11 thoughts on “What To Do With Frozen Embryos?

  1. embryo adoption

    i’ve had several friends consider this for down the road if they have fertility issues.  it’s a lot cheaper than going through the process of creating your own embryo, and if my friend is correct it’s even more inexpensive than adoption.

    one woman i know really wants the pregnancy experience even if the child is not biologically hers.  but overall i don’t know how popular embryo adoption is.

    • Wow

      Thanks to all of you for sharing.  And Cecily I found your blog really interesting, thought provoking, and well written.  I’ll have to start reading :-)

    • I enjoyed reading your blog post

      and I enjoyed reading the comments as well.  I appreciate you explaining the thought process behind your donation, as well as the range of emotions that came with it and around the decision.

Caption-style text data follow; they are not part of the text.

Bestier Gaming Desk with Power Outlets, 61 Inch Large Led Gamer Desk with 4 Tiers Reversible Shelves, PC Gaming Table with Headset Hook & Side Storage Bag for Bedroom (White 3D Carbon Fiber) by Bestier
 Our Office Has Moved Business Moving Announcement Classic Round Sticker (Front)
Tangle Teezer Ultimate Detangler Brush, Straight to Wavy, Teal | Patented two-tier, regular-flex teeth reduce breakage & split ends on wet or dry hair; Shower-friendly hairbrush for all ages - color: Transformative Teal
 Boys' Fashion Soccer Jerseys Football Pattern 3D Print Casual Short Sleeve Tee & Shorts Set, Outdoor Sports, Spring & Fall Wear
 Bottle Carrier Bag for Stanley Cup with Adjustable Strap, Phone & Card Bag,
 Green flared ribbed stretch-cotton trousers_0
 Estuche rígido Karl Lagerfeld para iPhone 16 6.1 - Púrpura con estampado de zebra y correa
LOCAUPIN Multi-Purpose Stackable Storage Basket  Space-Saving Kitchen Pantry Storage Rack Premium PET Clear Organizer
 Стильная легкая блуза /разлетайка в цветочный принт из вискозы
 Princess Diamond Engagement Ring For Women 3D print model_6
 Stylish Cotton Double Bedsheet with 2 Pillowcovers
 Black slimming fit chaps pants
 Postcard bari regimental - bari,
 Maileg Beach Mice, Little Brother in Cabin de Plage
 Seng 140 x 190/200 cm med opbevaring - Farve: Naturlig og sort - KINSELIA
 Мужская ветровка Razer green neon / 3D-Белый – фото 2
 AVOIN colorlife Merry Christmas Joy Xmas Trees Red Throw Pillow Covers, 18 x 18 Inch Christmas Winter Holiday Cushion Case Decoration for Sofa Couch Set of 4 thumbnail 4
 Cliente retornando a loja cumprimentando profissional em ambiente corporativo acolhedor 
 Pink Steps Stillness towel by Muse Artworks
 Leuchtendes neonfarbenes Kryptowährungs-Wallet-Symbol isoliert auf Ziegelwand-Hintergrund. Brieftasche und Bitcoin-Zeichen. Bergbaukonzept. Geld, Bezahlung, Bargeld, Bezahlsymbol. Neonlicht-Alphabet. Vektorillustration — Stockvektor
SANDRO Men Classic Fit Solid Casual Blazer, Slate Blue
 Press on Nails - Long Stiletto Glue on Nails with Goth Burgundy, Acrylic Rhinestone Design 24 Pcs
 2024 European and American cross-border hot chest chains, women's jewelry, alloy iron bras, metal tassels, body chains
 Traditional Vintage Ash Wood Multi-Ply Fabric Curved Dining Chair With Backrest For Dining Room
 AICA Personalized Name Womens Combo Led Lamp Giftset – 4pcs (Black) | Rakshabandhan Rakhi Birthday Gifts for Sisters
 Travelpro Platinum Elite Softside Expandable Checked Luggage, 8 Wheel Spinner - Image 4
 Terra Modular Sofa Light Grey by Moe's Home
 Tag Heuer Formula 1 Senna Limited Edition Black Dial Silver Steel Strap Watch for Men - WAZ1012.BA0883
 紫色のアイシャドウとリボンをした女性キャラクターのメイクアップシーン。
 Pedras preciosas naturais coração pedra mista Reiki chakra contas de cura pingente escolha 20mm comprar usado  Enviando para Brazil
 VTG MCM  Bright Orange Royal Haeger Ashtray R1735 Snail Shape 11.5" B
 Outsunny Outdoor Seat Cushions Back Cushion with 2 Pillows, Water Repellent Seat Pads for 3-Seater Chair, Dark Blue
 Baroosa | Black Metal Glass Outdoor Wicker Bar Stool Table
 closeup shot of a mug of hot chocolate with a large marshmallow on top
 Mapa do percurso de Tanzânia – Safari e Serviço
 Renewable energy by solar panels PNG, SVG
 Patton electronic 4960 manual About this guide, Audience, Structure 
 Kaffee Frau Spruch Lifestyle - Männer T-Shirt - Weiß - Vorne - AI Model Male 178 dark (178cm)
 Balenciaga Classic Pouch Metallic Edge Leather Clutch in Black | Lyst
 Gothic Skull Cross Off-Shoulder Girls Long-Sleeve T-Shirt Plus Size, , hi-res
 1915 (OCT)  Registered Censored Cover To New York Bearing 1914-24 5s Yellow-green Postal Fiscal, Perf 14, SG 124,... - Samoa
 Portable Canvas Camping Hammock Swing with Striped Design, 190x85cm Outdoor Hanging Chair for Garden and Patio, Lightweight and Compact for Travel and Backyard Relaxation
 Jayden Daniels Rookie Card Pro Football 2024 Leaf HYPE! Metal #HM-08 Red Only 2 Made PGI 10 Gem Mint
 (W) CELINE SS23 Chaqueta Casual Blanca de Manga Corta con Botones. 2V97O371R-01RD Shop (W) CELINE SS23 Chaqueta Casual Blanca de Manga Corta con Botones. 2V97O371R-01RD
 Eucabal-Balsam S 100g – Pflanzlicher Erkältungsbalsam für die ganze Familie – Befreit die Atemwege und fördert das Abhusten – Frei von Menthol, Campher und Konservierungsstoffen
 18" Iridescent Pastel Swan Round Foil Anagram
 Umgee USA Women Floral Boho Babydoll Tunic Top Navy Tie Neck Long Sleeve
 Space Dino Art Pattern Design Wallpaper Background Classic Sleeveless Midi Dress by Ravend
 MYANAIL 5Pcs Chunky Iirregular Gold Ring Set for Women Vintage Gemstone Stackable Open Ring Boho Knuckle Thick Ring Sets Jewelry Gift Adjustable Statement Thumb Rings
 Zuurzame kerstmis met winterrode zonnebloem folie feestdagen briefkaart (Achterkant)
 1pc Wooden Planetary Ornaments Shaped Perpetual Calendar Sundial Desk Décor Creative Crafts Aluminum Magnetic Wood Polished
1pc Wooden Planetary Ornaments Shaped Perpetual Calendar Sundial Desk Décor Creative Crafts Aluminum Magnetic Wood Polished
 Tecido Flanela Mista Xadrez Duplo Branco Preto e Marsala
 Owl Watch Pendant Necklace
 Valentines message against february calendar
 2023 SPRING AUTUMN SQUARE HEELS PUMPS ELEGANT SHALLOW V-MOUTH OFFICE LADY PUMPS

      And, slightly OT, your daughter has similarities to my older daughter, who also likes to come in to the bedroom at ungodly morning hours and sing, act, dance (and do kung fu)!

    • Thank you

      for donating your embryos.  You have opened a door of hope for people with Alzheimer’s and Parkinson’s.  I think you are a hero.

  2. A more difficult decision than I’d anticipated

    I’ve always been a committed pro-choice person.  But I have to admit that from the first time I saw the ultrasound with the little pulsating dot that became my son — who we had through IVF — I’ve had to admit that while I still believe that a blastocyst is not a live human being deserving of the same consideration as the rest of us, it’s something.  It’s not nothing.

    I’m still pro-choice, and god help any legislator who tried to take this decision away from my wife and me, but when it came time to decide whether to renew our embryo storage contract after we’d decided we didn’t want any more children, we had to take a few days to think about it.  I even slept on the idea of donating the embryoes to other couples who weren’t as lucky as we were.

    Ultimately, I couldn’t bear the thought of helping to actually  bring into the world children that I wouldn’t raise, love, and be responsible for. We chose to donate the embryoes for whatever research purposes were appropriate.

    I still feel a twinge thinking about it, and though I know we did the right thing, I still think about that pulsating dot and know that it wasn’t just turning off a light.  

    • Thanks for sharing

      your feelings.  It is great to have your perspective.  I also think that you have given a gift to the wider world by allowing your embryos to be used for research.  As scientists get closer to a cure for diabetes or Parkinson’s, etc., you should feel that you and your wife were a part of that effort.  Thank you.

      In my mind, there is a difference between the embryo in the Petri dish and the same embryo implanted in the uterus.  Since as many as half of all fertilized eggs fail to implant, I don’t feel that the embryo itself has special status.  Of course, that is easy to say as a woman who has never had an unintended pregnancy and quickly conceived and carried to term when I was ready to become pregnant.  It is pretty easy to have clinical detachment when biology and fate have treated you gently.

  3. No leftovers

    My partner and I did IVF, but we didn’t have enough viable embryos left over (from either of our two attempts) to freeze any. Just a caution that it sometimes turns out that way.

  4. donate

    The clinic that we went to has their clients make these decisions before they start treatment.  The paperwork outlined what would happened in the event we died, split up, had left over embryos after we were done, etc.    In all cases, we choose to donate to research.  Like simonpaul we couldn’t bear the thought of someone else raising a child that was biologically ours.  To us discarding seemed wasteful when some good could come from the research.

    In the end though… we didn’t have any embryos left.

    • Too bad

      all clinics don’t do this.  It sounds like you were dealing with a really good clinic that put a lot of thought into the entire process.